Ivorian Innocents Witness Racist French Genocidal War Crimes


Meanwhile in Ivory Coast's main city Abidjan, Ivorian police chief Colonel Georges Guiai Bi Poin gave a damning account of clashes that reportedly pitted French forces against protesters at a rally on November 9.

Guiai Bi Poin said he was in charge of about 60 gendarmes outside Abidjan's Hotel Ivoire to prevent demonstrators from storming the building.

He told AFP: "French troops fired directly into the crowd. They opened fire on the orders of their chief Colonel D'Estremon. Without warning."

Guiai Bi Poin he said he was at the French colonel's side in the hotel lobby throughout the night.

Ivorian authorities said a total of 57 civilians were killed and more than 2,200 injured between November 6 and 10, including an unconfirmed number by French troops -- but there is no specific toll for the Hotel Ivoire protest.

Followers of President Laurent Gbagbo accused French soldiers, including snipers hidden in the hotel, of firing on "Young Patriot" loyalists.

Until now, Alliot-Marie has insisted the victims were killed in clashes between Young Patriots and Ivorian police. The French military says only that warning shot were fired in the air.

But Alliot-Marie told RTL radio Sunday, without specifically referring to the Hotel Ivoire incident, that some casualties may have been caused by French troops during the demonstrations.

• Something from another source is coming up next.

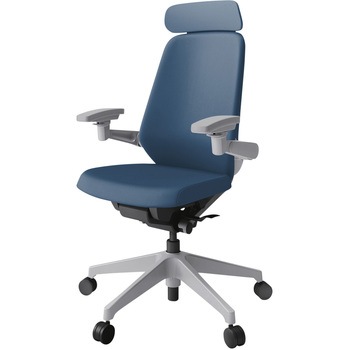 注文コード:03989855 ノートチェア エクストラハイバック 可動肘 ランバーサポート付 クロスPV ナイロンキャスター<配送時組立サービス付> イトーキ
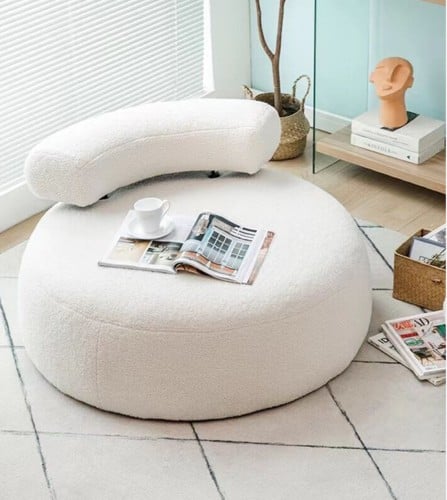 كرسي نايو بوكليه - لون بيج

"They were forced to shoot," she said. "They carried out warning shots and, in a few cases, were forced to make full use of their firearms. There was no way of avoiding it."

"There were doubtless a few victims; we don't know for certain because when things take place by night it is very difficult to know what is going on."

She said there were "also a great number of victims inside the crowds, killed by the crush and also from a number of stray bullets," and insisted French troops had shown admirable "self-control and restraint" in "abominable circumstances, faced with a crowd armed with Kalachnikov rifles and guns."

Guiai Bi Poin said the crowd at the Hotel Ivoire was yelling insults but was unarmed.
"Not one of my men fired a shot," he said. "There were no shots from the crowd. None of the demonstrators was armed -- not even with sticks, or knives or rocks."

He said that when he reported to the French commander on the day of the riot, he was told: "Colonel, my barbed wire has been crossed, and the crowd is getting excited. If they do not let us leave within 20 minutes, I am going to shoot."

"Suddenly," said Guiai Bi Poin, "there was a movement on our left and my gendarmes were pushed violently by the crowd. They fell back a meter or two. D'Estremon then said to me, 'Colonel, the red line has been crossed. I am going to open fire. FIRE!'"

The officer said the French troops began shooting. "It was not a haphazard fusillade. It was carried out on the orders of their chief. And there was no warning."

Guiai Bi Poin said he yelled at the French officer to fire in the air, to aim higher, "He did this but some of his men did not obey and some continued to fire on the crowd. I saw lots of people falling, but I do not know how many victims there were."